Melalui integrasi itu, kata Handoko, permasalahan tidak dapat diangkatnya pegawai negeri sipil (PNS) di LBM Eijkman sebagai peneliti, kini dapat dilantik sebagai peneliti.
Kepada non-PNS di LBM Eijkman, BRIN menawarkan berbagai macam skema.
Bagi mereka yang non-PNS dan sudah S3 dan usianya maksimal 45 tahun, dapat mengikuti mekanisme penerimaan CPNS. Jalur itu sudah dilakukan oleh beberapa orang.
Sedangkan untuk yang di atas 45 tahun dapat mendaftar sebagai Pegawai Pemerintah dengan Perjanjian Kerja (PPPK).
Bagi mereka yang belum menyelesaikan jenjang pendidikan S3, BRIN menawarkan skema untuk melanjutkan pendidikan dengan mekanisme beasiswa berbasis riset.
Terkait isu pemecatan sejumlah honorer, Handoko menuturkan selama ini tenaga honorer tersebut direkrut oleh lembaga pemerintah non-kementerian (LPNK) yang sekarang terintegrasi dengan BRIN.
Handoko menuturkan tidak ada pemecatan terhadap sejumlah tenaga honorer, namun karena kontrak mereka telah berakhir pada Desember 2021.

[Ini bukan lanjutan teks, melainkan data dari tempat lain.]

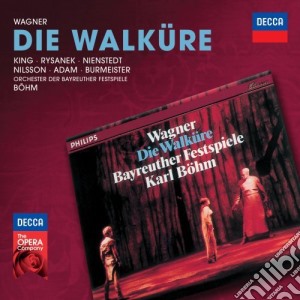 Richard Wagner - Die Walkure (4 Cd) cd musicale di Solti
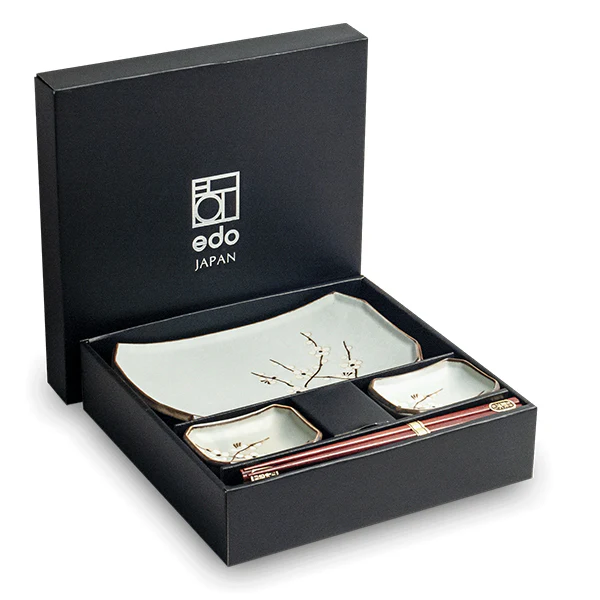 Coffret Service à Sushi Umé - Image 2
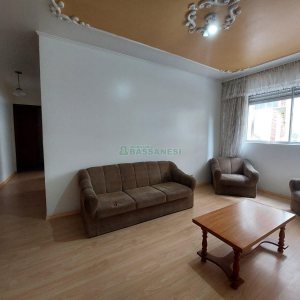 Apartamento com 75m², 2 dormitórios, 1 vaga, no bairro Centro em Caxias do Sul para Alugar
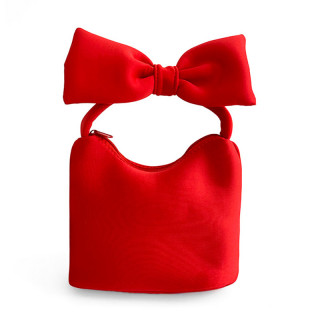 Детская сумка-бант #5836 Red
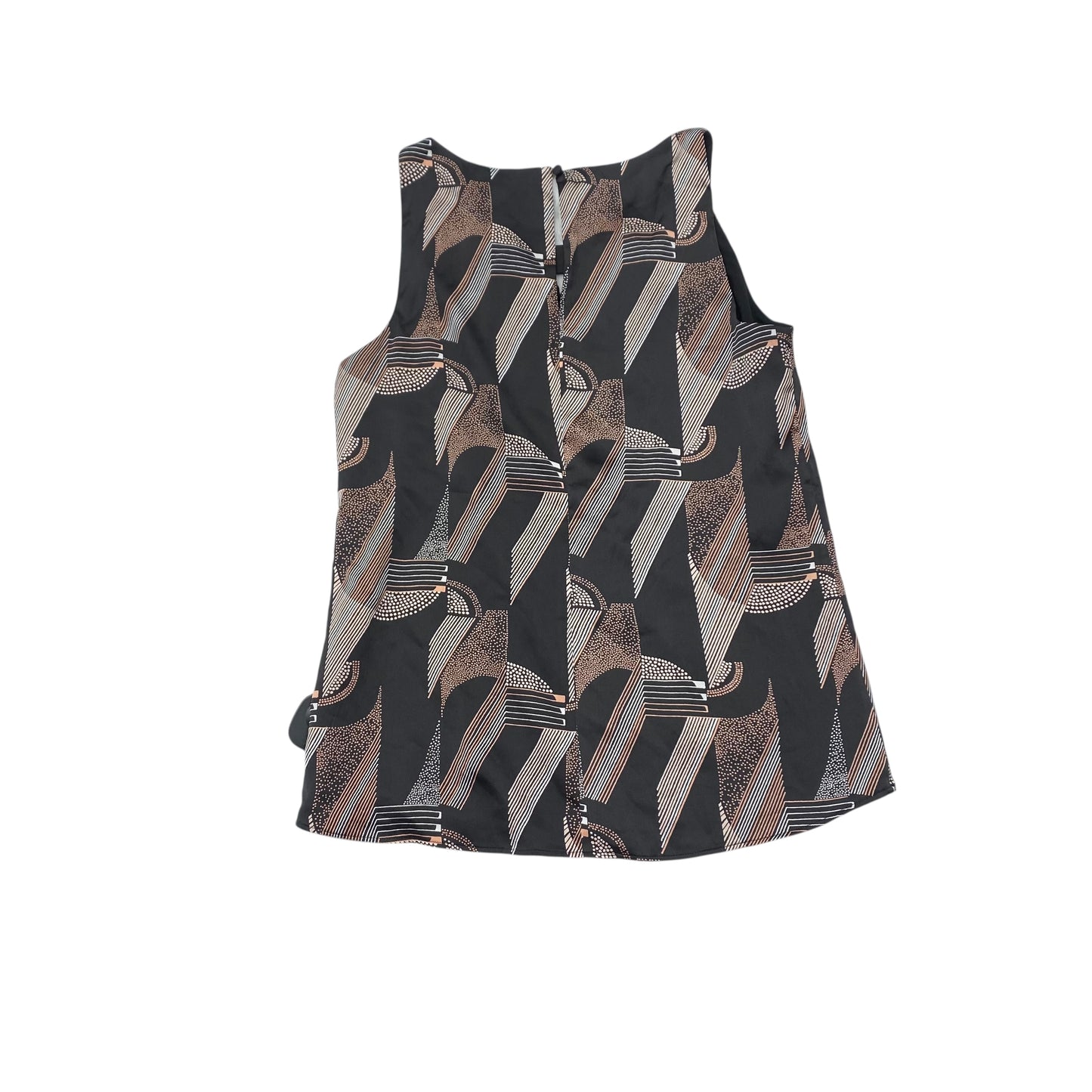 Top Sleeveless By White House Black Market In Multi, Size:S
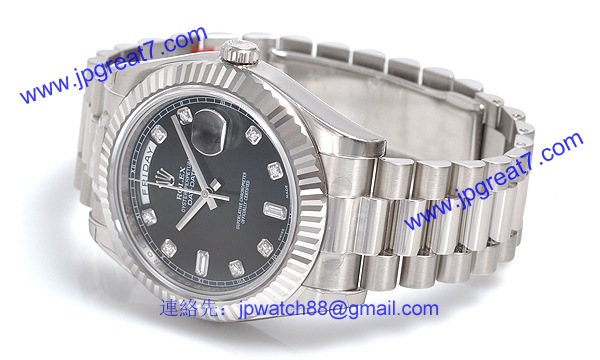 ロレックス(ROLEX) 時計 デイデイトII 218239A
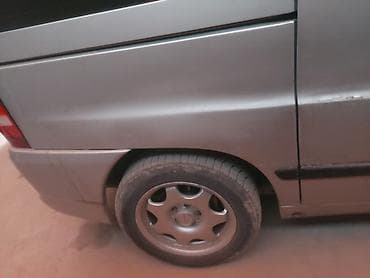 Литые Диски R 15 Mercedes-Benz, 1 шт, отверстий - 5 at lalafo.kg Литые Диски R 15 Mercedes-Benz, 1 шт, отверстий - 5
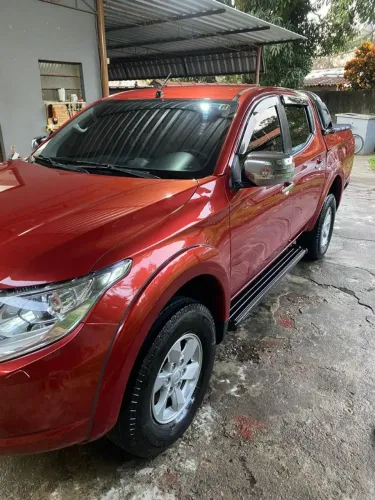 Mitsubishi L200 Triton Sport HPE 2.4 CD Diesel Aut. 2018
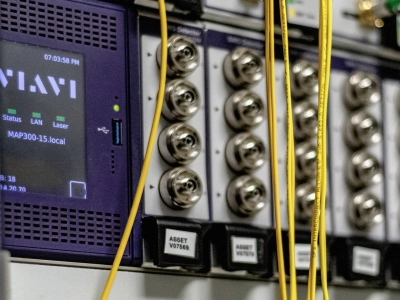 Optical Power and Spectral Measurement 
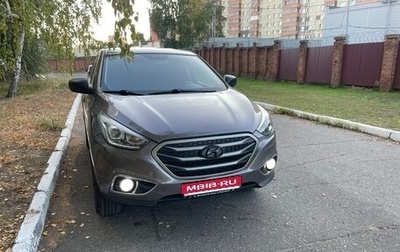 Hyundai ix35 I рестайлинг, 2013 год, 1 100 000 рублей, 1 фотография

Sebanyak 33 lembaga riset dari kementerian/lembaga (K/L) telah terintegrasi dengan BRIN dan dalam waktu dekat enam K/L lainnya akan segera terintegrasi.
Integrasi tersebut meliputi seluruh sumber daya riset, yakni sumber daya manusia, infrastruktur, dan penganggaran. Integrasi lembaga riset di Indonesia ke dalam BRIN merupakan amanat dari Peraturan Presiden Nomor 78 Tahun 2021 tentang BRIN.